Peter Wallison, who was White House counsel to President Reagan, responded to my analysis in the New York Times on Oct. 26. He pointed to Ronald Reagan’s resistance to tax increases in 1982, citing passages from Mr. Reagan’s diary that were published in his autobiography, “An American Life.” The gist of Mr. Wallison’s article is that Ronald Reagan successfully resisted efforts by his staff and many in Congress to raise taxes, thereby ensuring the victory of Reaganomics.

The only problem with this analysis is that it is historically inaccurate. Mr. Reagan may have resisted calls for tax increases, but he ultimately supported them. In 1982 alone, he signed into law not one but two major tax increases. The Tax Equity and Fiscal Responsibility raised taxes by $37.5 billion per year and the Highway Revenue Act of 1982 raised the gasoline tax by another $3.3 billion.

According to a recent Treasury Department study, TEFRA alone raised taxes by almost 1 percent of the gross domestic product, making it the largest peacetime tax increase in American history. An increase of similar magnitude today would raise more than $100 billion per year.

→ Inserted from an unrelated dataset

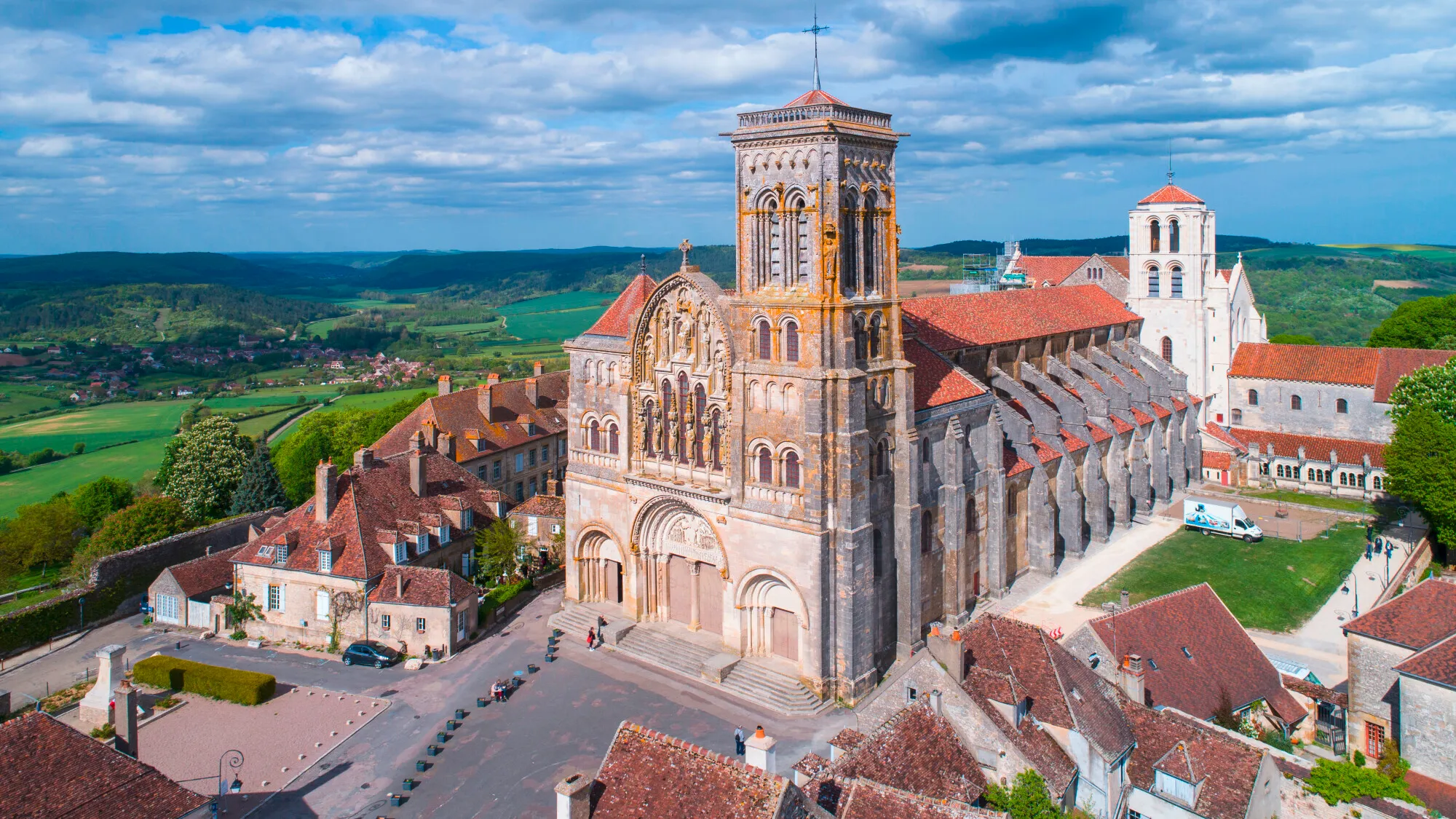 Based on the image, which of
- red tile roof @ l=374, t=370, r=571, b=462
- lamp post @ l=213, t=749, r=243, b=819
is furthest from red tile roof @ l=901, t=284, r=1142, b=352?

In 1983, Mr. Reagan signed legislation raising the Social Security tax rate. This is a tax increase that lives with us still, since it initiated automatic increases in the taxable wage base. As a consequence, those with moderately high earnings see their payroll taxes rise every single year.

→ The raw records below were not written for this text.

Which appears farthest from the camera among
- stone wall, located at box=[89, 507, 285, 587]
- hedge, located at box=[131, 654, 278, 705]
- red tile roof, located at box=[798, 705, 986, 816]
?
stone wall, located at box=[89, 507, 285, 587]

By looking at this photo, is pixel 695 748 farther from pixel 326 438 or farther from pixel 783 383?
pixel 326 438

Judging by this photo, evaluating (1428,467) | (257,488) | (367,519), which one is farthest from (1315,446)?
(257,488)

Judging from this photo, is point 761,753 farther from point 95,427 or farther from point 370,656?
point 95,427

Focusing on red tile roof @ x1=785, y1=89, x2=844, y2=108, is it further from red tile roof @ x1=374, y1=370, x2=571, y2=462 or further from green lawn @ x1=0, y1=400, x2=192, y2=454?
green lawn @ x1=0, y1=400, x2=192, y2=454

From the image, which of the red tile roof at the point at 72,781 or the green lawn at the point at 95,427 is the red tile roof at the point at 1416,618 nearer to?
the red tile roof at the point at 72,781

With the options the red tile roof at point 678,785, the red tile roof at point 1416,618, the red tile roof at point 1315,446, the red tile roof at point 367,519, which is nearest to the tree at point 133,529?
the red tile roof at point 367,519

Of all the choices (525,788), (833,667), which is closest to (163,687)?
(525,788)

The following year, Mr. Reagan signed another big tax increase in the Deficit Reduction Act of 1984. This raised taxes by $18 billion per year or 0.4 percent of GDP. A similar sized tax increase today would be about $44 billion.

The Consolidated Omnibus Budget Reconciliation Act of 1985 raised taxes yet again. Even the Tax Reform Act of 1986, which was designed to be revenue-neutral, contained a net tax increase in its first two years. And the Omnibus Budget Reconciliation Act of 1987 raised taxes still more.

The year 1988 appears to be the only year of the Reagan presidency, other than the first, in which taxes were not raised legislatively. Of course, previous tax increases remained in effect. According to a table in the 1990 budget, the net effect of all these tax increases was to raise taxes by $164 billion in 1992, or 2.6 percent of GDP. This is equivalent to almost $300 billion in today’s economy.

I say all this not to besmirch Mr. Reagan’s reputation, but simply to set the record straight. The point being that if Ronald Reagan could be corralled into signing tax increases year after year, it is not unreasonable to think President Bush may falter as well when push comes to shove.

I don’t believe Mr. Reagan ever initiated any of the tax increases enacted during his watch. Nor do I think Mr. Bush will, either. But when all the political and economic elites of this country gang up on a president to raise taxes, history shows they always get what they want. Indeed, they were even able to get Mr. Bush’s father to raise taxes in 1990, even though his political advisers knew it would likely lead to his defeat in 1992, which it did.

How do the elites break down presidential resistance to tax increases? They do so by promising the moon. Tax increases, they say, will lead to huge reductions in interest rates, which will power economic growth and reduce unemployment. The rich only pay them anyway, which makes the president look like a populist. And tax increases are the price that must be paid to get spending cuts.

This last point is especially laughable. In 1982, Ronald Reagan proudly announced he was getting $3 of spending cuts for every $1 of tax increase. He later lamented that all he ever got were the taxes. “Congress never cut spending by even one penny, ” Mr. Reagan complained in 1993.

Earlier this year, Mr. Reagan’s chief of staff, James A. Baker III, wrote a sort of mea culpa in the Wall Street Journal, saying he had underestimated the positive economic effects of tax rate reductions. But he didn’t repudiate his efforts to get Mr. Reagan to raise taxes. It will be interesting to see how Mr. Bush reacts when his staff tells him taxes need to be raised.

Bruce Bartlett is senior fellow with the National Center for Policy Analysis and a nationally syndicated columnist.